++++ Source data

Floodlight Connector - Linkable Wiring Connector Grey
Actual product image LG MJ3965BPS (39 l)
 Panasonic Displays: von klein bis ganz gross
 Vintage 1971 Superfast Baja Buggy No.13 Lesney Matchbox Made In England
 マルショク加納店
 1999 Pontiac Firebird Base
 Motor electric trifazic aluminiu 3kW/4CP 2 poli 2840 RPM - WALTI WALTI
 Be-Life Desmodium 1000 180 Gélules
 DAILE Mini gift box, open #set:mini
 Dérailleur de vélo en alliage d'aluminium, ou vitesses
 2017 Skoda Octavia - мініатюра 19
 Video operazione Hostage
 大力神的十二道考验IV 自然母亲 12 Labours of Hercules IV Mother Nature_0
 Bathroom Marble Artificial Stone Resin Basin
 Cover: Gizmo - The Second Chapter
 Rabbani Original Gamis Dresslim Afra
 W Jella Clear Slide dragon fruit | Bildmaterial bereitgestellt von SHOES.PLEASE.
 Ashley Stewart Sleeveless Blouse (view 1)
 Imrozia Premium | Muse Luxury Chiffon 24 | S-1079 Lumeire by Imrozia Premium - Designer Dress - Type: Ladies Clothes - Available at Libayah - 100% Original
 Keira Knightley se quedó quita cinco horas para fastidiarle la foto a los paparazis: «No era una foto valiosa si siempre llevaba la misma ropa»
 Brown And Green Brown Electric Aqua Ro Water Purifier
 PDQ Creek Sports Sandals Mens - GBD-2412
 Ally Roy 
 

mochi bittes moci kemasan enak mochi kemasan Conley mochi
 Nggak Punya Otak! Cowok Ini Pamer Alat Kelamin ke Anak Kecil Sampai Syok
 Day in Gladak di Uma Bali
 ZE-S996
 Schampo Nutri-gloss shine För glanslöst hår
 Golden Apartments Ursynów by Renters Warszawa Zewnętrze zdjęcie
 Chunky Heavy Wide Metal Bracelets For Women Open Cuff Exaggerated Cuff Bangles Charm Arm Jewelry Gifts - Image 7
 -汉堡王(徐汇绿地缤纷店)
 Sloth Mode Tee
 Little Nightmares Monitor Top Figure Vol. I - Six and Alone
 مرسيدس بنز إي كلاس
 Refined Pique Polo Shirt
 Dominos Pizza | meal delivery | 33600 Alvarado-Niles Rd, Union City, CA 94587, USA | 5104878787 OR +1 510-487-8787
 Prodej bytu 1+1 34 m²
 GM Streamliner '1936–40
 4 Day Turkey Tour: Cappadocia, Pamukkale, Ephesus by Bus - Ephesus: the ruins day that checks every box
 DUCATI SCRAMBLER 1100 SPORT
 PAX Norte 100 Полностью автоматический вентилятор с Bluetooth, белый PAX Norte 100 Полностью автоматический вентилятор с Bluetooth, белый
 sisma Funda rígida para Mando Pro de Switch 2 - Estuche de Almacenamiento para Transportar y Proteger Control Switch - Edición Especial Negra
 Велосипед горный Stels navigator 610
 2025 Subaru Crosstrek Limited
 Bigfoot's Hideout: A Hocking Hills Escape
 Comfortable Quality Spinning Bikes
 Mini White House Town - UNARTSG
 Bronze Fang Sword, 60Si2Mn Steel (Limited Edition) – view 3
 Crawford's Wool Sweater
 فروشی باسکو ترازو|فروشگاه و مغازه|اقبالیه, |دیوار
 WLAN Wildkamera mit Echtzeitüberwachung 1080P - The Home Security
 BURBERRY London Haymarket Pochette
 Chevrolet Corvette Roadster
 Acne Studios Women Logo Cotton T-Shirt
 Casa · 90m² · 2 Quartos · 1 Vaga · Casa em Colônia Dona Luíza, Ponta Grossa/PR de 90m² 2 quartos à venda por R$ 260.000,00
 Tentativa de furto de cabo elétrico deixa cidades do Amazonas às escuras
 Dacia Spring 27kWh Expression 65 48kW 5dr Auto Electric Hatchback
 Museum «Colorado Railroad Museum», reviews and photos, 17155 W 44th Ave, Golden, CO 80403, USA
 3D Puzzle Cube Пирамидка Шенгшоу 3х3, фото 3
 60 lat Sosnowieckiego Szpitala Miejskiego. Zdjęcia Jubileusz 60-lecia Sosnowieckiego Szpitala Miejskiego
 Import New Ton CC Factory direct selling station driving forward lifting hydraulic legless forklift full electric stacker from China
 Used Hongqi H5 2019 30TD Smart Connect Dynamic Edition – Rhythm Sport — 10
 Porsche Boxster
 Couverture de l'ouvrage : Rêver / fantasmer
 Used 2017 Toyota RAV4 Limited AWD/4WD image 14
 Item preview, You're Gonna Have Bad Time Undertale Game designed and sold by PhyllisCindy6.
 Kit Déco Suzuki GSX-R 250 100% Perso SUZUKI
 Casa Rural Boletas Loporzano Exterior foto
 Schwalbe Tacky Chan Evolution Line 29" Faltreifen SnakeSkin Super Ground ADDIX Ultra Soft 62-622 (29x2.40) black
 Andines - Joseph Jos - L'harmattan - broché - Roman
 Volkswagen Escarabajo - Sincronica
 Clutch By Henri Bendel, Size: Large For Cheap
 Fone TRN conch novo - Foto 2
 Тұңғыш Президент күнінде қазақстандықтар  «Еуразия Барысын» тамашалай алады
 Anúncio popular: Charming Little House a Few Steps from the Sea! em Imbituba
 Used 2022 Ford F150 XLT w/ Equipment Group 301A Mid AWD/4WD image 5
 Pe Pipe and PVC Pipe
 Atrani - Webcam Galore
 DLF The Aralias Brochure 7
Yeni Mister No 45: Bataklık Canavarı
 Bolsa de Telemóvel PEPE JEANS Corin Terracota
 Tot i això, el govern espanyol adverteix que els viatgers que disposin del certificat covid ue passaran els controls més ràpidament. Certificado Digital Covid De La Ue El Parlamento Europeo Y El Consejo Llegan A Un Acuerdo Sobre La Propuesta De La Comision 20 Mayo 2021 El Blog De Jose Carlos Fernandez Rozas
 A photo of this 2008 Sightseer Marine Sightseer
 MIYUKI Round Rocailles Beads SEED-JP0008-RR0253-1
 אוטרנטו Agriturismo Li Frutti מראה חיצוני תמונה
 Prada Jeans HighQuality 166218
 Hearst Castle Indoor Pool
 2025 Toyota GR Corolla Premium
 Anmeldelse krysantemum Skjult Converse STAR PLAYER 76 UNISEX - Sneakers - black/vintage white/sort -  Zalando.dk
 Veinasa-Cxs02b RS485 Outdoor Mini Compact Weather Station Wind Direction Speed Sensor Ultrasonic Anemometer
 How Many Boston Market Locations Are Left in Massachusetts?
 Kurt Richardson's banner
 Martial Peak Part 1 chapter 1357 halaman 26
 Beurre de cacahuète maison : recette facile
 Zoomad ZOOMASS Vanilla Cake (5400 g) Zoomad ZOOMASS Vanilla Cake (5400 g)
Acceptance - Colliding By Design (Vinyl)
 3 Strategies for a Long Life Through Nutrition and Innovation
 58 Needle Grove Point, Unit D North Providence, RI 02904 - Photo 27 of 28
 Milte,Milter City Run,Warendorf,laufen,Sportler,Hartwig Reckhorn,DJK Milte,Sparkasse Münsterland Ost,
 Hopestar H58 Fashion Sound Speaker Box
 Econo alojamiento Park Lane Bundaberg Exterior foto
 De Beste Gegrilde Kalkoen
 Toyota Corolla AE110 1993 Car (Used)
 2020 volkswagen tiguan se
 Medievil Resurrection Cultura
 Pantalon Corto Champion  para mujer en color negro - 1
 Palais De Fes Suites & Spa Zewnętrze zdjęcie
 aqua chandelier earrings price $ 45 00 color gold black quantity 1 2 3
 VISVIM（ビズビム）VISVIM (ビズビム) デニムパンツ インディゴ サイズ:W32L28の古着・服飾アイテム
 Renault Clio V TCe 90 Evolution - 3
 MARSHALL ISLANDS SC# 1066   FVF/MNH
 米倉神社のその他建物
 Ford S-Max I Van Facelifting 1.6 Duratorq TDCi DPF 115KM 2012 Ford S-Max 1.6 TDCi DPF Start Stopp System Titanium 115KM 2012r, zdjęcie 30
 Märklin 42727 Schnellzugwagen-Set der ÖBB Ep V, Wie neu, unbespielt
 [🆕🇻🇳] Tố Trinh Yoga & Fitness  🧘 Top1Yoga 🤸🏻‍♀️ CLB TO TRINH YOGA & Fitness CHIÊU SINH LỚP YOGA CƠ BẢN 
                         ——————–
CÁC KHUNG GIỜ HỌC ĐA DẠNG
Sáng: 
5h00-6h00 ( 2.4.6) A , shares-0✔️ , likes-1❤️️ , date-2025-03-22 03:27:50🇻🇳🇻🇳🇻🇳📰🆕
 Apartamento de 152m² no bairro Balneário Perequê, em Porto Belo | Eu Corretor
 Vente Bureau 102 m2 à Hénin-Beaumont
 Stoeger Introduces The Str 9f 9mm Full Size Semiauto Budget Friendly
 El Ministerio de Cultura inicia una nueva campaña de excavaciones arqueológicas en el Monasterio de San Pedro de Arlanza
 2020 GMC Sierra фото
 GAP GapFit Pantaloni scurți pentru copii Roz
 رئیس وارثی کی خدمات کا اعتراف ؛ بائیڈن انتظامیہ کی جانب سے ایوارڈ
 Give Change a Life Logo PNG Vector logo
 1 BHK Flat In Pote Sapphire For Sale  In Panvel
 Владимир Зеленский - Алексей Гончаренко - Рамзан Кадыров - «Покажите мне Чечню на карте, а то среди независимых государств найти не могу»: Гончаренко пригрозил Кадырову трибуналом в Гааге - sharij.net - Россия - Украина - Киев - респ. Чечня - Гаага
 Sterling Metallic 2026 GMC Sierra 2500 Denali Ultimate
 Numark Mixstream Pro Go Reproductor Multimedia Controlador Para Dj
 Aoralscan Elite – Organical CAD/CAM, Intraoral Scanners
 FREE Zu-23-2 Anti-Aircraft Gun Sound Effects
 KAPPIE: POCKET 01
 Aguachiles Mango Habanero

++++++++

Goal of the exercise:
Please copy, word for word, every line from the first line of the records through the line containing "Ashley Stewart Sleeveless Blouse (view 1)", with both of those lines included and nothing else.

Completed task:
Floodlight Connector - Linkable Wiring Connector Grey
Actual product image LG MJ3965BPS (39 l)
 Panasonic Displays: von klein bis ganz gross
 Vintage 1971 Superfast Baja Buggy No.13 Lesney Matchbox Made In England
 マルショク加納店
 1999 Pontiac Firebird Base
 Motor electric trifazic aluminiu 3kW/4CP 2 poli 2840 RPM - WALTI WALTI
 Be-Life Desmodium 1000 180 Gélules
 DAILE Mini gift box, open #set:mini
 Dérailleur de vélo en alliage d'aluminium, ou vitesses
 2017 Skoda Octavia - мініатюра 19
 Video operazione Hostage
 大力神的十二道考验IV 自然母亲 12 Labours of Hercules IV Mother Nature_0
 Bathroom Marble Artificial Stone Resin Basin
 Cover: Gizmo - The Second Chapter
 Rabbani Original Gamis Dresslim Afra
 W Jella Clear Slide dragon fruit | Bildmaterial bereitgestellt von SHOES.PLEASE.
 Ashley Stewart Sleeveless Blouse (view 1)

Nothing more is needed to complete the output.